Une diversité de modalités d’organisation collective de la formation se déploie selon des dispositifs spécifiques : les animations pédagogiques qui correspondent aux heures de formation obligatoire faisant partie du service des enseignants dans le 1er degré, les constellations inspirées du modèle internationale des lessons studies (format de formation pour 6 à 8 enseignants alternant pratiques de terrain, échanges entre pairs et apports théoriques, et se caractérisant par des boucles itératives de co-conception des séquences d’enseignement, de co-observation, de co-débriefing puis une nouvelle étape de co-conception, etc. ) mises en place par les plans mathématiques (2018) et français (2019) dans le 1er degré, les stages de formation d’initiative locale (FIL) , les formations dédiées réseaux d' Éducation Prioritaire. 

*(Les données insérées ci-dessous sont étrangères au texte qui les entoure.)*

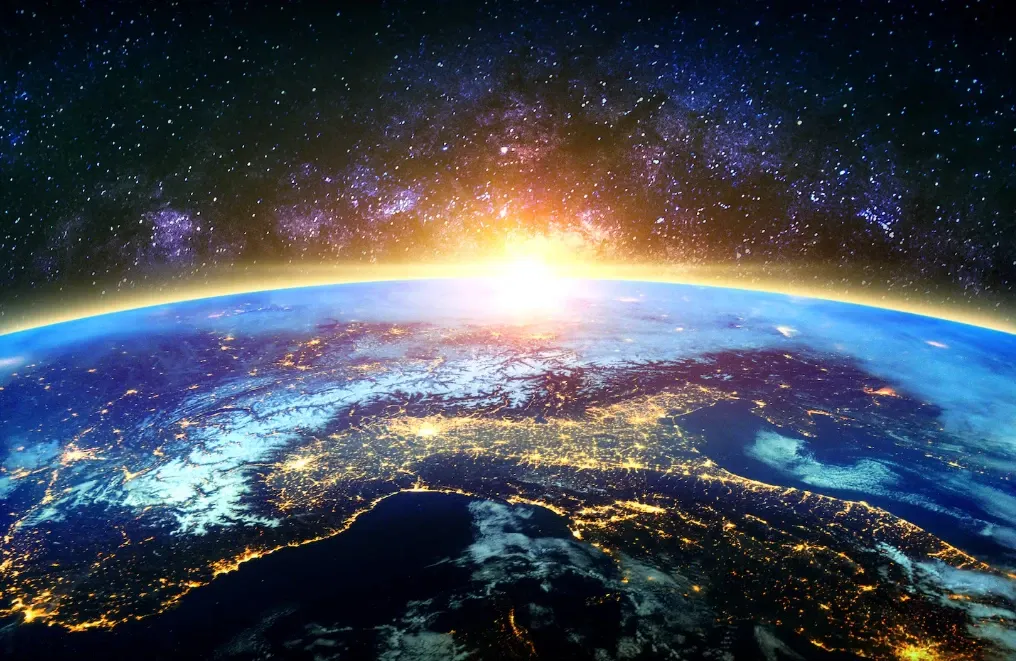 Apocalipsa cosmică a fost rescrisă. Pământul ar putea scăpa de sfârșitul lumii provocat de Soare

Par ailleurs, force est de constater que de nombreux acteurs de corps et de statuts différents interviennent dans la conception et la mise en œuvre d’un dispositif de formation. Le formateur se situe à l’interface entre ceux qui prescrivent et organisent l’offre de formation à différents niveaux du territoire, ceux qui interviennent dans sa conception et sa mise en oeuvre (formateurs, coordonnateurs, partenaires) et ceux à qui ces formations sont destinées (enseignants et élèves) - chaque acteur ayant ses propres contraintes de travail. 

Former n’est donc pas simplement l’affaire des formateurs et implique de véritables collaborations entre pilotes, métiers d’appui à la formation, formateurs et professionnels de terrain. (P.Picard et R.Guyon, 2024 AFAE). 

                                                          Agir à plusieurs échelles pour la réussite des élèves (CAS)

Former des formateurs ?

La formation des formateurs emprunte plusieurs voies. La formation continue se déploie à l’échelle nationale, académique et départementale. Dans les académies, elle est organisée dans le 1er degré par des inspecteurs et des CPD[1] et dans le 2nd degré, au sein des EAFC, par des inspecteurs d’académie - inspecteurs pédagogiques régionaux, des ingénieurs des ingénieurs de formation. L’ Éducation nationale mobilise également des partenaires institutionnels (les INSPE, ou l’IFÉ par exemple) mais également des opérateurs privés pour contribuer à ces formations. 

Les formateurs peuvent également se former et développer leurs compétences dans le cadre de parcours universitaires. De nombreux INSPE proposent désormais des masters « Ingénierie et pratiques de la formation » ainsi que des diplômes d’établissement ou diplômes universitaires dédiés à ces métiers. L’IFÉ-ENS de Lyon propose un DE « Passeur en Éducation » depuis 2019.

Dans d’autres espaces, des associations de formateurs comme l’ANCP&AF [2] organisent des congrès et des formations destinés à leurs adhérents. Les formations syndicales font également partie du paysage de l’offre de formation des formateurs qui reste malgré tout inégalement répartie sur le territoire, pas toujours bien connue par les formateurs et reconnue par l’institution. 

Il est à noter que dans l’ensemble diversifié de l’offre de formation institutionnelle de la formation de formateurs, les propositions relèvent davantage de formations disciplinaires que de formations à l’analyse de leur travail. Celles qui s’appuient sur des analyses de pratiques disposent rarement de ressources de vidéoformation documentant des situations professionnelles authentiques.

Développer des ressources pour la formation de formateurs donnant accès au métier par l’analyse fine de situations professionnelles, l’identification de questions vives (au sens de partagées dans une communauté professionnelle) nourries par une diversité de points de vue, nous semble une façon d’alimenter à grain fin la transformation de la professionnalité des formateurs sous l’effet des différentes contraintes évoquées mais aussi de leur redonner du pouvoir d’agir et des marges de manœuvre dans l’ordinaire de leur travail (Clot et Simonet, 2015) pour leur propre développement professionnel.